Только наждачная сухость в горле и раскалывающая голову боль помешали Юре запустить в ненавистного юриста стаканом. Оказалось, что вечером тот поджидал его у подъезда и дождался, но Юра его, похоже, не узнал, потому что долго обнимал, называл почему-то Колей, долго плакал и пригласил на чашку чая. Дома Юре стало плохо, и напугавшийся юрист даже хотел вызвать “Скорую”. Потом удалось обойтись валокордином и другими лекарствами, однако оставить человека в таком состоянии юрист не мог и заночевал. А сейчас, когда Юрий Тимофеевич допьет пиво, примет душ и выйдет на кухню, где его ждет завтрак, надо будет серьезно поговорить. Есть интересная информация. Если бы не это, юрист в жизни бы не пришел. Идите, Юрий Тимофеевич, приведите себя в порядок. И побеседуем.

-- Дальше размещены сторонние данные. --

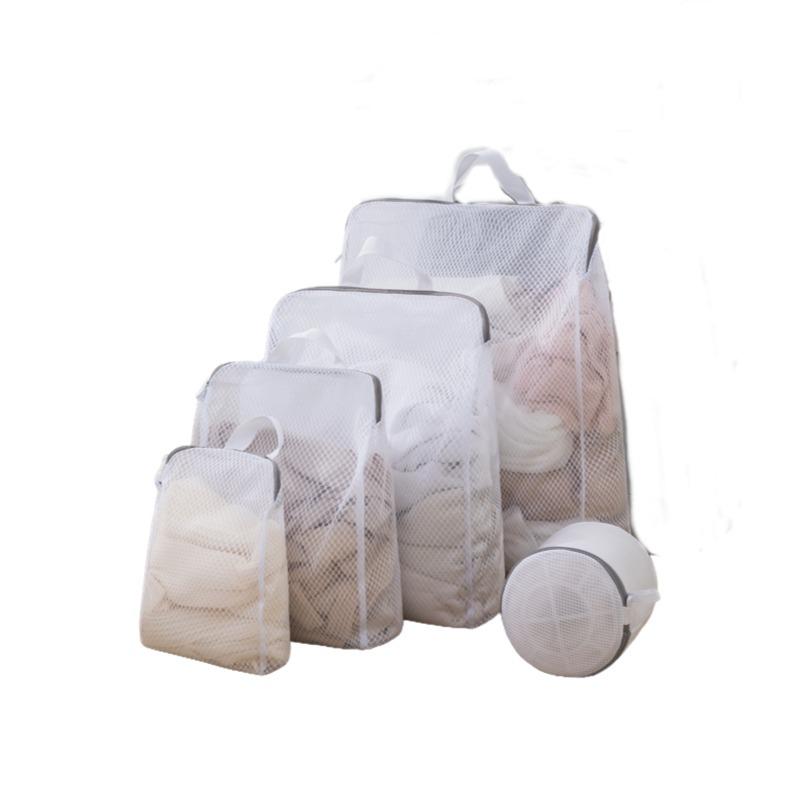 Thickened Honeycomb Anti-Deformation Laundry Mesh Bag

– Мне, по большому счету, все равно, – говорил юрист, теребя тесемки от принесенной с собой папки с бумагами. – Я просто подумал, что вам, Юрий Тимофеевич, будет любопытно узнать… Чтобы все окончательно расставить по местам. Чтобы знали, кто да почему…

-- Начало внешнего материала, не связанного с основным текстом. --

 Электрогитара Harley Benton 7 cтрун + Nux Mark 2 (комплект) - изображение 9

И где– то около девяти Петру Ивановичу Тищенко, нежившемуся в объятиях сладкого утреннего сна, померещился странный звук. Странный и очень неприятный. Будто бы где-то рядом неведомая птица издавала что-то среднее между голубиным воркованием и вороньим карканьем. Звук был настолько гадким, что он натянул на голову одеяло. Но это не помогло. Звук не прекращался и даже не стал тише. И уже окончательно пробудившись, Петр Иванович почему-то подумал даже, что слышится ему вовсе не птица, а чей-то невеселый и несущий непонятную угрозу смех.
В понедельник мусорная контора не узнала осточертевшего всем алкаша-зама. В сырую конуру легким шагом влетел подтянутый и благоухающий одеколоном бизнесмен, вызвал хозяйственников и не допускающим возражений голосом начал диктовать.